Quick Start with SERL in Sim

May 8, 2024 · View on GitHub

This is a minimal mujoco simulation environment for training with SERL. The environment consists of a panda robot arm and a cube. The goal is to lift the cube to a target position. The environment is implemented using franka_sim and gym interface.

Installation

Install Franka Sim library

    cd franka_sim
    pip install -e .
    pip install -r requirements.txt

Try if franka_sim is running via python franka_sim/franka_sim/test/test_gym_env_human.py.

Before beginning, please make sure that the simulation environment with franka_sim is working.

Note: to set MUJOCO_GL as egl if you are doing off-screen rendering. You can do so by export MUJOCO_GL=egl and remember to set the rendering argument to False in the script. If receives Cannot initialize a EGL device display due to GLIBCXX not found error, try run conda install -c conda-forge libstdcxx-ng (ref)

Optionally install tmux: sudo apt install tmux

1. Training from state observation example

✨ One-liner launcher (requires tmux) ✨

bash examples/async_sac_state_sim/tmux_launch.sh

To kill the tmux session, run tmux kill-session -t serl_session.

Without using one-liner tmux launcher

You can opt for running the commands individually in 2 different terminals.

cd examples/async_sac_state_sim

Run learner node:

bash run_learner.sh

Run actor node with rendering window:

# add --ip x.x.x.x if running on a different machine
bash run_actor.sh

You can optionally launch the learner and actor on separate machines.
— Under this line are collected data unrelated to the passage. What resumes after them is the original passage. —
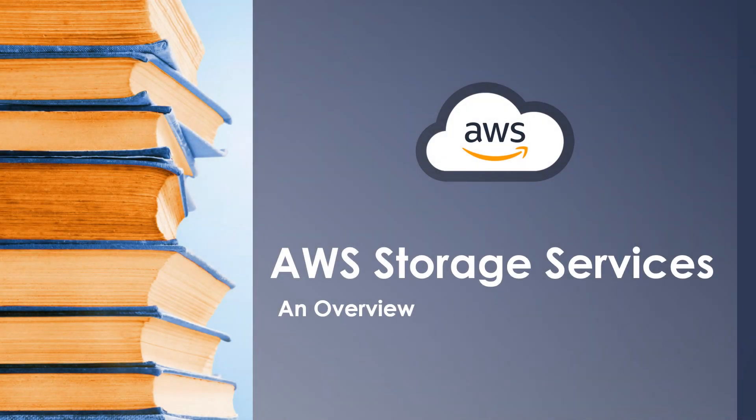Hello and welcome to another session. Today we are going to look at an overview of AWS Storage Services.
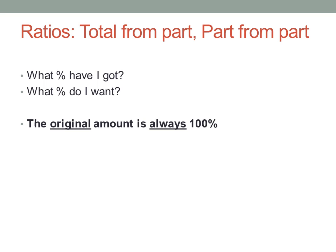We can use ratios to solve certain kinds of problems involving percentages. In particular, questions where we have to calculate the total from a part, or one part from another part. To answer these kinds of questions, think carefully through: what percentage have I got now? What percentage do I want? And remember, the original amount is always 100%.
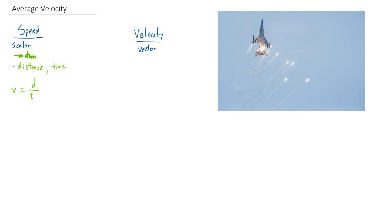Another thing to note is units. Distance is in units of meters, and time is in units of seconds. Those are our SI units. So our units for speed are going to be meters per second, which makes sense. Sorry, I said velocity. I should have said speed. Our units for speed are meters per second.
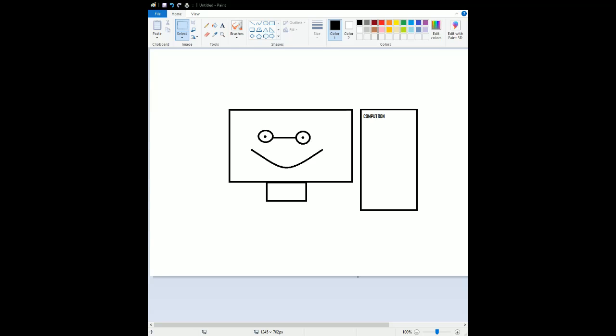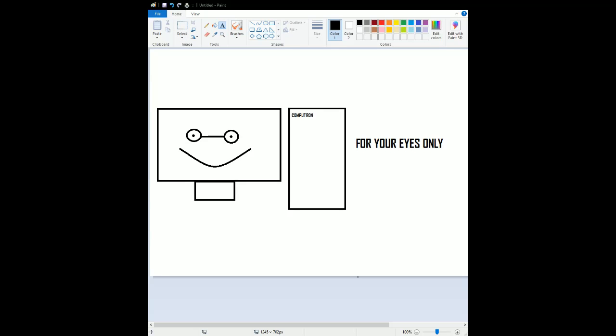I am Compatron, and welcome back to my Bond films leading up to No Time to Die. Here's my review on For Your Eyes Only.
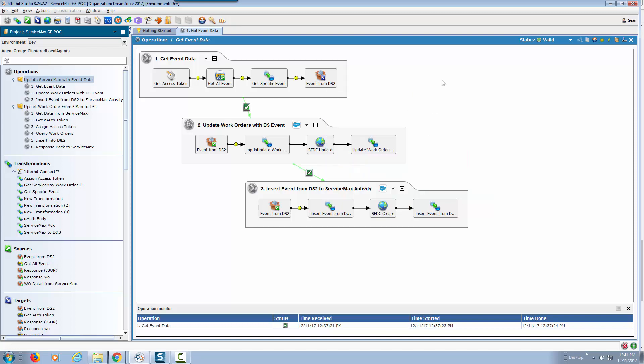This is a very quick overview of how quickly you can integrate ServiceMax sitting on force.com platform with ServiceMax's dispatch and scheduling system which is outside of force.com. We hope you enjoyed this video and we'll see you next time.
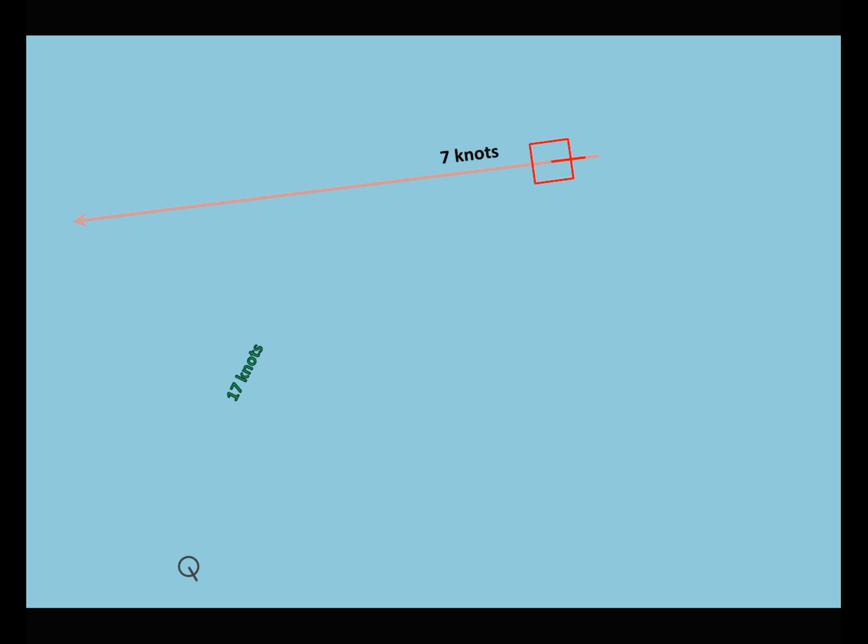After receiving information about the convoy, your task is to establish contact with it as soon as possible. To do this, you need to plot an interception course on the map.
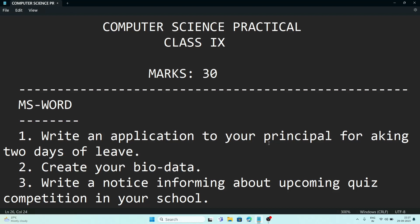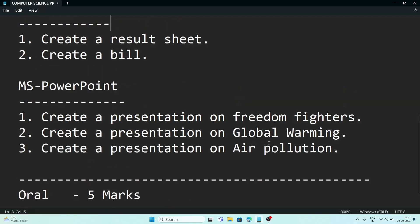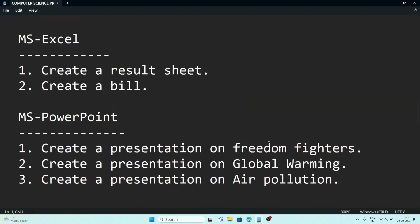Write an application to your principal for asking two days of leave or any other formal application. Number two, create your bio data. Number three, create a notice in MS Word. And for MS Excel, you will see how to create...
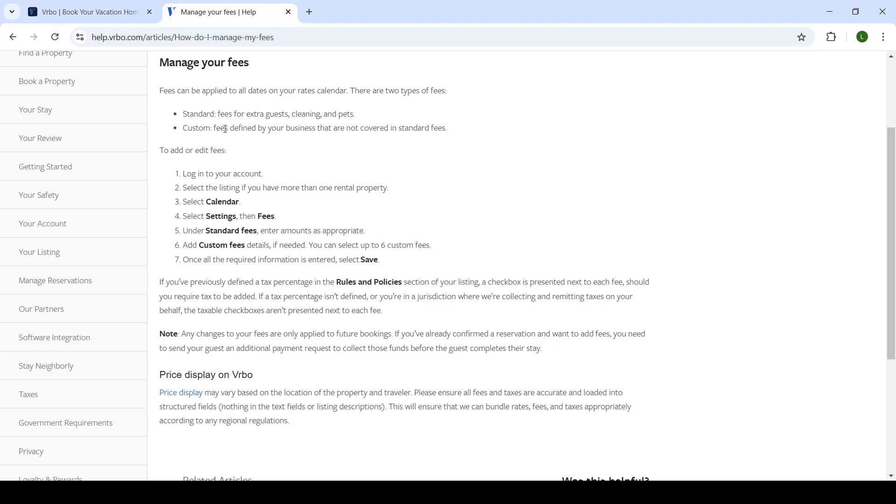Now under standard fees, you'll enter the amount as appropriate. So once you click on pets, you can add, for example, 50 euros fee for anyone who wants to bring pets.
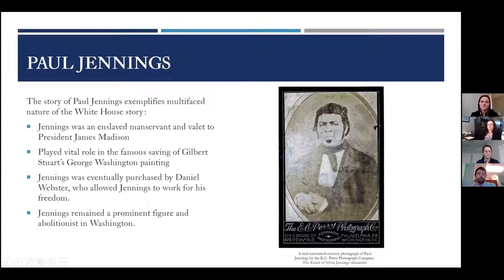Paul Jennings played a vital role in saving the famous Gilbert Stuart portrait of George Washington hanging in the East Room. A lot of people may have heard that Dolley Madison saved this painting — well, it was really Paul Jennings and a number of other free and enslaved workers who did the heavy lifting at the direction of Dolley Madison. Jennings was eventually purchased by Daniel Webster, who allowed him to work for his freedom. After gaining his freedom, he stayed very connected to the White House, to Dolley Madison, and to the White House neighborhood, coming in and out of the White House story over and over.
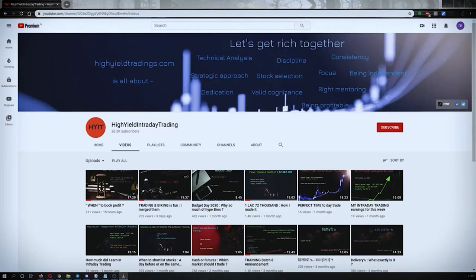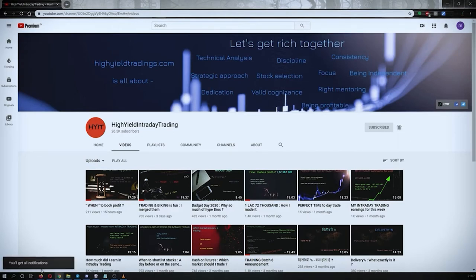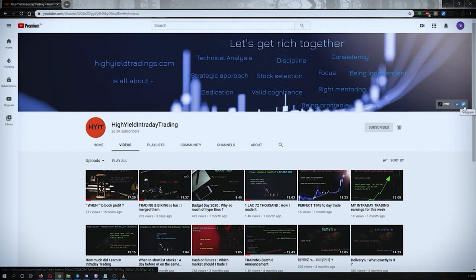Hey guys, welcome back to High Yield Intraday Trading. I hope everyone is doing good. Before we start discussing today's topic, let me request you all to subscribe to my YouTube channel by clicking on the subscribe button. Also, make sure to press the bell icon and click on 'All' so that whenever I upload a video you get the notification. I would also request you to subscribe to my Telegram channel HYIT Intraday Calls, as I share a lot of things there that might be helpful to you.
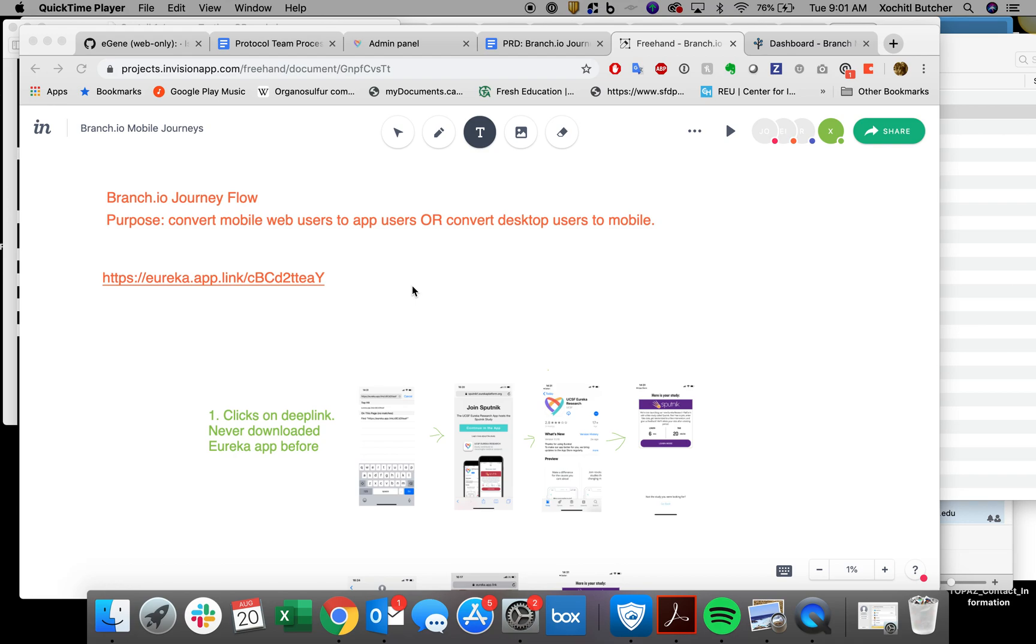Branch.io Journeys can be used to help push participants to the mobile app. The first way is if a participant is on their smartphone and they've clicked a deep link on this smartphone. The second way is if a participant has clicked a deep link and they're on their desktop.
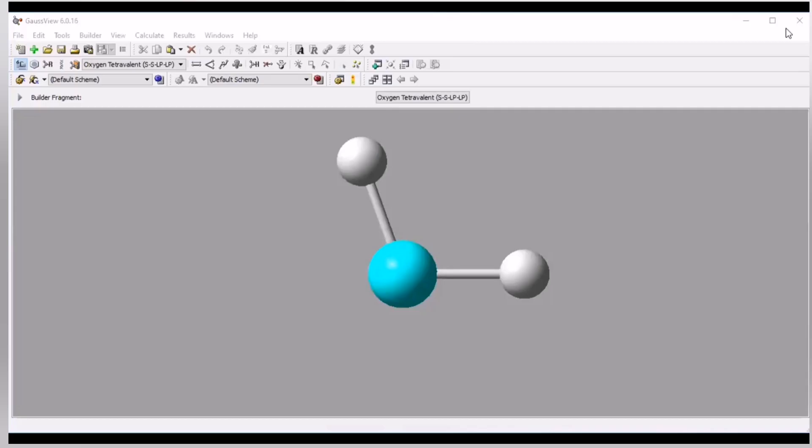Hello everyone, in the previous video I have discussed how to perform optimization of any molecule. So in this video you will learn how to do energy calculation and how to draw the HOMO-LUMO for any molecule. So let's start.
For example, if the learner node is running on a PC with ip=x.x.x.x, you can launch the actor node on a different machine with internet access to ip=x.x.x.x and add --ip x.x.x. to the commands in run_actor.sh.

Remove --debug flag in run_learner.sh to upload training stats to wandb.

2. Training from image observation example

✨ One-liner launcher (requires tmux) ✨

bash examples/async_drq_sim/tmux_launch.sh

Without using one-liner tmux launcher

You can opt for running the commands individually in 2 different terminals.

cd examples/async_drq_sim

# to use pre-trained ResNet weights, please download
wget https://github.com/rail-berkeley/serl/releases/download/resnet10/resnet10_params.pkl

Run learner node:

bash run_learner.sh

Run actor node with rendering window:

# add --ip x.x.x.x if running on a different machine
bash run_actor.sh

3. Training from image observation with 20 demo trajectories example

✨ One-liner launcher (requires tmux) ✨

bash examples/async_drq_sim/tmux_rlpd_launch.sh

Without using one-liner tmux launcher

You can opt for running the commands individually in 2 different terminals.

cd examples/async_drq_sim

# to use pre-trained ResNet weights, please download
# note manual download is only for now, once repo is public, auto download will work
wget https://github.com/rail-berkeley/serl/releases/download/resnet10/resnet10_params.pkl

# download 20 demo trajectories
wget \
https://github.com/rail-berkeley/serl/releases/download/franka_sim_lift_cube_demos/franka_lift_cube_image_20_trajs.pkl

Run learner node, while provide the path to the demo trajectories in the --demo_path argument.

bash run_learner.sh --demo_path franka_lift_cube_image_20_trajs.pkl

Run actor node with rendering window:

# add --ip x.x.x.x if running on a different machine
bash run_actor.sh

Use RLDS logger to save and load trajectories

This provides a way to save and load trajectories for SERL training. Tensorflow RLDS dataset format is used to save and load trajectories. This standard is compliant with the RTX datasets, which can potentially can be used for other robot learning tasks.

Installation

This requires additional installation of oxe_envlogger:

git clone git@github.com:rail-berkeley/oxe_envlogger.git
cd oxe_envlogger
pip install -e .

Usage

Save the trajectories

With the example above, we can save the data from the replay buffer by providing the rlds_logger_path argument. This will save the data to the specified path.

./run_learner.sh --log_rlds_path /path/to/save

This will save the data to the specified path in the following format:

 - /path/to/save
    - dataset_info.json
    - features.json
    - serl_rlds_dataset-train.tfrecord-00000
    - serl_rlds_dataset-train.tfrecord-00001
    ....

Load the trajectories

With the example above, we can load the data from the replay buffer by providing the preload_rlds_path argument. This will load the data from the specified path.

./run_learner.sh --preload_rlds_path /path/to/load

This is similar to the examples/async_rlpd_drq_sim/run_learner.sh script, which uses --demo_path argument which load .pkl offline demo trajectories.

Troubleshooting

If you receive a Out of Memory error, try reducing the batch size in the run_learner.sh script. by adding the --batch_size argument. For example, bash run_learner.sh --batch_size 64.
If the provided offline RLDS data is throwing an error, this usually means the data is not compatible with current SERL format. You can provide a custom data transform with the data_transform(data, metadata) -> data function in the examples/async_drq_sim/asyn_drq_sim.py script.